"Ein starkes Signal der Unterstützung"

Frau Präsidentin! Liebe Kolleginnen und Kollegen!

Für eine Region, die seit langem keinen Frieden mehr kennt, ist die Vernichtung der syrischen Chemiewaffen einer der wenigen Lichtblicke. Wir sollten uns das angesichts der Dramatik, die in dieser Region derzeit vorherrscht, vergegenwärtigen.

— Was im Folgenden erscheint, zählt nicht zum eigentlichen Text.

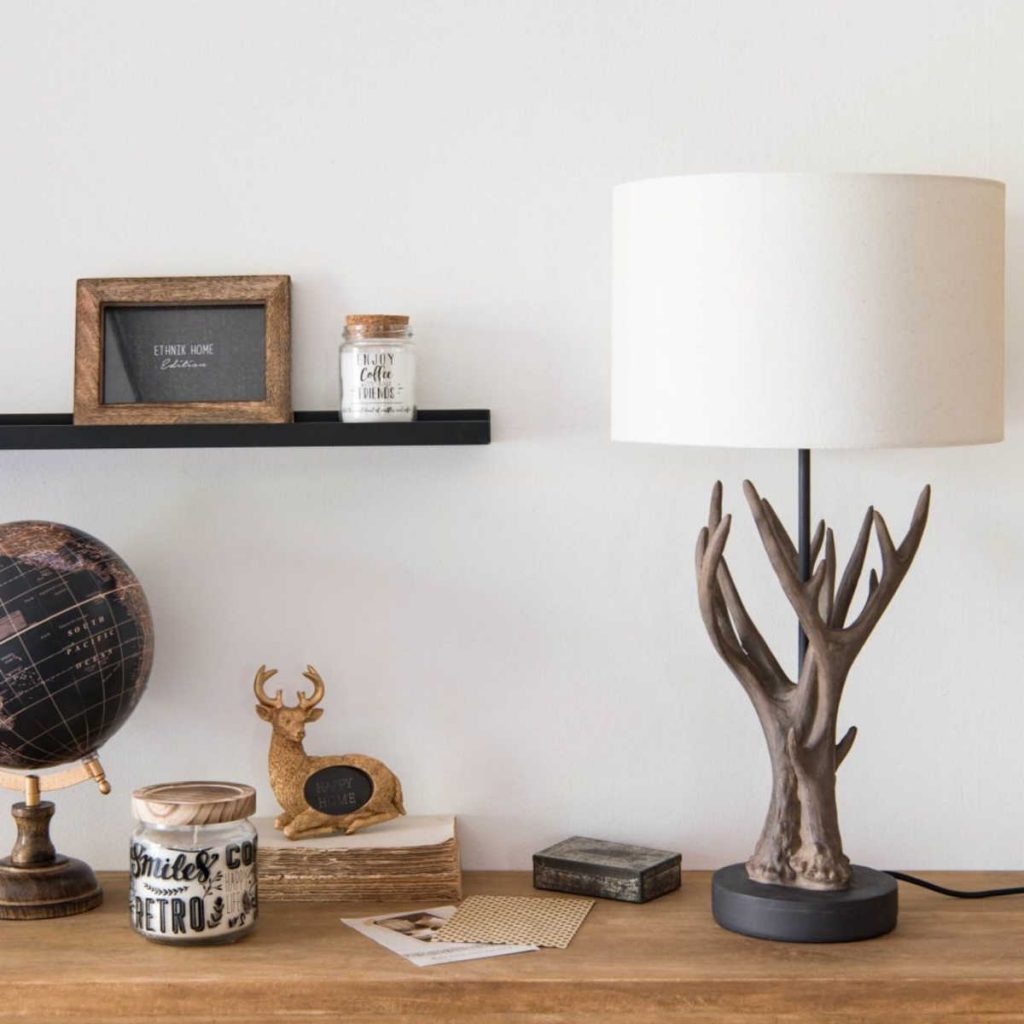 Idee regalo di Natale per lui Maisons du Monde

Insbesondere in Syrien - darauf haben alle Rednerinnen und Redner bei der Diskussion über den Einzelplan des Auswärtigen Amtes hier im Deutschen Bundestag hingewiesen - kennen die Barbarei und die Verzweiflung der Menschen, die tagtäglich mit Gewalt und Vertreibung konfrontiert sind, kein Ende.

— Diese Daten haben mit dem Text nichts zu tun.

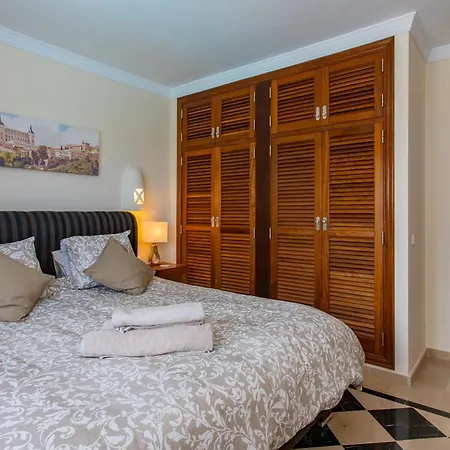 Vistas Al Mar * Yaiza (Lanzarote)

Ich bin sicher, ich spreche für das gesamte Haus, wenn ich sage, dass viele der Kolleginnen und Kollegen auch in den eigenen Wahlkreisen von den Schicksalen Einzelner wissen und versuchen, ganz persönlich zu helfen. Das ist einer der Beiträge, die Deutschland leisten kann, insbesondere wenn es um humanitäre Hilfe geht.

Es gibt weitere Punkte in der Region, die Anlass zu Pessimismus geben: die Rückkehr autoritärer Regime, Aufrüstung und Mangel an Vertrauensbildung. Leider herrscht an vielen Stellen noch Misstrauen. So wissen wir immer noch nicht, ob wir Mitte dieses Jahres eine erfolgreiche Lösung der iranischen Atomkrise erleben werden.

In diesen Tagen - der Bundesaußenminister hat es angesprochen - müssten wir uns die größten Sorgen auch darum machen, dass die Friedensbemühungen im Nahen Osten, die insbesondere vom amerikanischen Außenminister immer wieder sehr stark vorangetrieben worden sind, am seidenen Faden hängen. Möglicherweise sind sie bereits gescheitert.

Deswegen war es gut - das sage ich auch an die Mitglieder der Bundesregierung gerichtet -, dass die neue Bundesregierung sofort entschieden hat, sich an der Vernichtung der Chemiewaffen zu beteiligen. Ich danke dem Bundesaußenminister und der Verteidigungsministerin für ihre gemeinsame Initiative. Wir brauchen dafür heute ein starkes Signal der Unterstützung aus dem Deutschen Bundestag.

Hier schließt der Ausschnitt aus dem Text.